TASK DATA:
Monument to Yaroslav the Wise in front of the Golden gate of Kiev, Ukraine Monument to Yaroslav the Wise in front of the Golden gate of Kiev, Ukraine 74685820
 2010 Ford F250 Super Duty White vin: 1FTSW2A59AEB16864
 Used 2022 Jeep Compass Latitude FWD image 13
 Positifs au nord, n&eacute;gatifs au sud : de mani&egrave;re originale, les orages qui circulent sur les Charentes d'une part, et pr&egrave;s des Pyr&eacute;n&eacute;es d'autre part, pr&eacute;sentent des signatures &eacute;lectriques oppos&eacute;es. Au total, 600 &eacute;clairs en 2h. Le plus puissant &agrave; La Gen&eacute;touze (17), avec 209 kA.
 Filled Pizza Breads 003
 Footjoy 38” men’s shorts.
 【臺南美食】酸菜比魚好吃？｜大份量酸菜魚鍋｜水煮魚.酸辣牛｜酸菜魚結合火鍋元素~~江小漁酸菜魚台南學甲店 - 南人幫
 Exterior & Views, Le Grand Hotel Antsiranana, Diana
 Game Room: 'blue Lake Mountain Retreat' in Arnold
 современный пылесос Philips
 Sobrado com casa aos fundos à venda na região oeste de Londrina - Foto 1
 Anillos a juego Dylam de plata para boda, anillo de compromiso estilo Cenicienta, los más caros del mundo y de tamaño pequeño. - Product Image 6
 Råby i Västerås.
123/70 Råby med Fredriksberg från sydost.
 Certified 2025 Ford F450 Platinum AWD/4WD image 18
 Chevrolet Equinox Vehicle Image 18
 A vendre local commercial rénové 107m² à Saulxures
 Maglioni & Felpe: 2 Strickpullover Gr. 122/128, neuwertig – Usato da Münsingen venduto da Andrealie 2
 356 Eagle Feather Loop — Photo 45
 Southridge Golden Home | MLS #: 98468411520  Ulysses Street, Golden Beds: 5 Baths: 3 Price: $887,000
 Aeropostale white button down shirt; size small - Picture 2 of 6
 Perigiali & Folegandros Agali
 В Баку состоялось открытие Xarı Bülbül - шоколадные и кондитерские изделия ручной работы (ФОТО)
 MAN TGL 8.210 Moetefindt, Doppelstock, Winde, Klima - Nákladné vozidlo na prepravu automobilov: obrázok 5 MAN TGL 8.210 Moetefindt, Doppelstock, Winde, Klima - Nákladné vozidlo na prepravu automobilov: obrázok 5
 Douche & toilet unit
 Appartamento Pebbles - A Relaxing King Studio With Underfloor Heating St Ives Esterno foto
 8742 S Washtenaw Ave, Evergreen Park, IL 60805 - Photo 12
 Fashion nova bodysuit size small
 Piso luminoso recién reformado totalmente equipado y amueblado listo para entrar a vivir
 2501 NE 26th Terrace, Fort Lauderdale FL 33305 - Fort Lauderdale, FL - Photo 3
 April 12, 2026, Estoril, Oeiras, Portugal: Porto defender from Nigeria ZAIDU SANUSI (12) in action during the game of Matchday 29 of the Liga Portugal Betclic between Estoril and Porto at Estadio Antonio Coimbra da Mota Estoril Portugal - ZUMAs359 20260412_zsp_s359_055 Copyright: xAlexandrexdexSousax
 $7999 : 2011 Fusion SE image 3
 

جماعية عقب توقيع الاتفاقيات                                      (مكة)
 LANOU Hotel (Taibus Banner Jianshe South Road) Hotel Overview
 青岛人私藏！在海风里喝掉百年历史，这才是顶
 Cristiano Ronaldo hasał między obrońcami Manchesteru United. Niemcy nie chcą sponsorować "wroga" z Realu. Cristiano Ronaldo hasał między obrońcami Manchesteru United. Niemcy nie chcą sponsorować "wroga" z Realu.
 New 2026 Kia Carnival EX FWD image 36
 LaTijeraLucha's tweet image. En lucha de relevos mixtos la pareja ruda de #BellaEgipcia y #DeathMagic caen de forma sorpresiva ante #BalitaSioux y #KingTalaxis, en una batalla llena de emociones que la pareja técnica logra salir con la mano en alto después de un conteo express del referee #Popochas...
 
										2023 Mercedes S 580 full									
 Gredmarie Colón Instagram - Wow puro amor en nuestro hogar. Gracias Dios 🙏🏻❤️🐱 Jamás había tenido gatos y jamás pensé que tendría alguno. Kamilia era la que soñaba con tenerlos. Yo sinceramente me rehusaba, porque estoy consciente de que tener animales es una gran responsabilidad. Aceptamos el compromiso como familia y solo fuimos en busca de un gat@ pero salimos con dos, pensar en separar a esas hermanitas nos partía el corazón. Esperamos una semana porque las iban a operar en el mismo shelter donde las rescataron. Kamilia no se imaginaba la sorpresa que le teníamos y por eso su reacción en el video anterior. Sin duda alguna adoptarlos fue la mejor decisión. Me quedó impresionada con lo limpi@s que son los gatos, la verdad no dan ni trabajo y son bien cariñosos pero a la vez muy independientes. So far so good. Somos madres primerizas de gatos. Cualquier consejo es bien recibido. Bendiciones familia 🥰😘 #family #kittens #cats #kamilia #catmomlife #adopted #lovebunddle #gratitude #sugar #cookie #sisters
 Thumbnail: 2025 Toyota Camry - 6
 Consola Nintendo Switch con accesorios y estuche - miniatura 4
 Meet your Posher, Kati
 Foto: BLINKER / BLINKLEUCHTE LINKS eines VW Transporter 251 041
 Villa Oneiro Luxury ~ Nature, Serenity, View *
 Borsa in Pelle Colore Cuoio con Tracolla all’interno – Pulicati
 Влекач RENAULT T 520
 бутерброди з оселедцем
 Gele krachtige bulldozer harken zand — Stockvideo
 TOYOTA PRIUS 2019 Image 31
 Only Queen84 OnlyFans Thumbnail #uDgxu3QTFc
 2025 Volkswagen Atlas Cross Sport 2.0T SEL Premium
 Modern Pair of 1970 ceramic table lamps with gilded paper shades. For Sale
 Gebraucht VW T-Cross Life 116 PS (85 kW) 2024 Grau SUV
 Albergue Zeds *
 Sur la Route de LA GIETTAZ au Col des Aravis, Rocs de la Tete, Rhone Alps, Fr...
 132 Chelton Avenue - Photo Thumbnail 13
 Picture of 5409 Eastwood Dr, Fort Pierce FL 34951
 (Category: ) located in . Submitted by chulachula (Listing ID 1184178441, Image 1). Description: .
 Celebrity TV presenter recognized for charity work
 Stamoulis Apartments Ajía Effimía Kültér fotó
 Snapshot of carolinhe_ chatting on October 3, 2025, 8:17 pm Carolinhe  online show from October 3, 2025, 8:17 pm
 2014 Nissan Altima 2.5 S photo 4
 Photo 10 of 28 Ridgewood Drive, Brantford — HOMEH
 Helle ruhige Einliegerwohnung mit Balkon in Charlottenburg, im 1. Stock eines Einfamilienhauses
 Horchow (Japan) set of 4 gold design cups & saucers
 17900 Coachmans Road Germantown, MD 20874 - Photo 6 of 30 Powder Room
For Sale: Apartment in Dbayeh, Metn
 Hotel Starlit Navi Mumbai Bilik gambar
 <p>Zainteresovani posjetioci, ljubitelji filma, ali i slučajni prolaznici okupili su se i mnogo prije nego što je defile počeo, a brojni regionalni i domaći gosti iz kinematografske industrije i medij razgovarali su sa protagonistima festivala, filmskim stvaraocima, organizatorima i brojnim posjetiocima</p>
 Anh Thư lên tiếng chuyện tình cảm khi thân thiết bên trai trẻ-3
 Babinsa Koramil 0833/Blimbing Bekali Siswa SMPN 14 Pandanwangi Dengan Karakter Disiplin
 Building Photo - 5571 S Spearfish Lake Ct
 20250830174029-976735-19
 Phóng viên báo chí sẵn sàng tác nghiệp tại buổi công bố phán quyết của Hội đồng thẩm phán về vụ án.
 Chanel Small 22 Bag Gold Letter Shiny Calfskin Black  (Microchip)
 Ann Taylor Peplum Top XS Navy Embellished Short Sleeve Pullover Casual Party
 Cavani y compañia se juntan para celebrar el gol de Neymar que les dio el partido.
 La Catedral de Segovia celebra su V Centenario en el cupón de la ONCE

ABOUT THIS EXERCISE:
In the records above, the line with "Positifs au nord, n&eacute;gatifs" marks the start and the line with "8742 S Washtenaw" marks the end; copy that stretch exactly, both lines included, and nothing else.

TASK OUTPUT:
 Positifs au nord, n&eacute;gatifs au sud : de mani&egrave;re originale, les orages qui circulent sur les Charentes d'une part, et pr&egrave;s des Pyr&eacute;n&eacute;es d'autre part, pr&eacute;sentent des signatures &eacute;lectriques oppos&eacute;es. Au total, 600 &eacute;clairs en 2h. Le plus puissant &agrave; La Gen&eacute;touze (17), avec 209 kA.
 Filled Pizza Breads 003
 Footjoy 38” men’s shorts.
 【臺南美食】酸菜比魚好吃？｜大份量酸菜魚鍋｜水煮魚.酸辣牛｜酸菜魚結合火鍋元素~~江小漁酸菜魚台南學甲店 - 南人幫
 Exterior & Views, Le Grand Hotel Antsiranana, Diana
 Game Room: 'blue Lake Mountain Retreat' in Arnold
 современный пылесос Philips
 Sobrado com casa aos fundos à venda na região oeste de Londrina - Foto 1
 Anillos a juego Dylam de plata para boda, anillo de compromiso estilo Cenicienta, los más caros del mundo y de tamaño pequeño. - Product Image 6
 Råby i Västerås.
123/70 Råby med Fredriksberg från sydost.
 Certified 2025 Ford F450 Platinum AWD/4WD image 18
 Chevrolet Equinox Vehicle Image 18
 A vendre local commercial rénové 107m² à Saulxures
 Maglioni & Felpe: 2 Strickpullover Gr. 122/128, neuwertig – Usato da Münsingen venduto da Andrealie 2
 356 Eagle Feather Loop — Photo 45
 Southridge Golden Home | MLS #: 98468411520  Ulysses Street, Golden Beds: 5 Baths: 3 Price: $887,000
 Aeropostale white button down shirt; size small - Picture 2 of 6
 Perigiali & Folegandros Agali
 В Баку состоялось открытие Xarı Bülbül - шоколадные и кондитерские изделия ручной работы (ФОТО)
 MAN TGL 8.210 Moetefindt, Doppelstock, Winde, Klima - Nákladné vozidlo na prepravu automobilov: obrázok 5 MAN TGL 8.210 Moetefindt, Doppelstock, Winde, Klima - Nákladné vozidlo na prepravu automobilov: obrázok 5
 Douche & toilet unit
 Appartamento Pebbles - A Relaxing King Studio With Underfloor Heating St Ives Esterno foto
 8742 S Washtenaw Ave, Evergreen Park, IL 60805 - Photo 12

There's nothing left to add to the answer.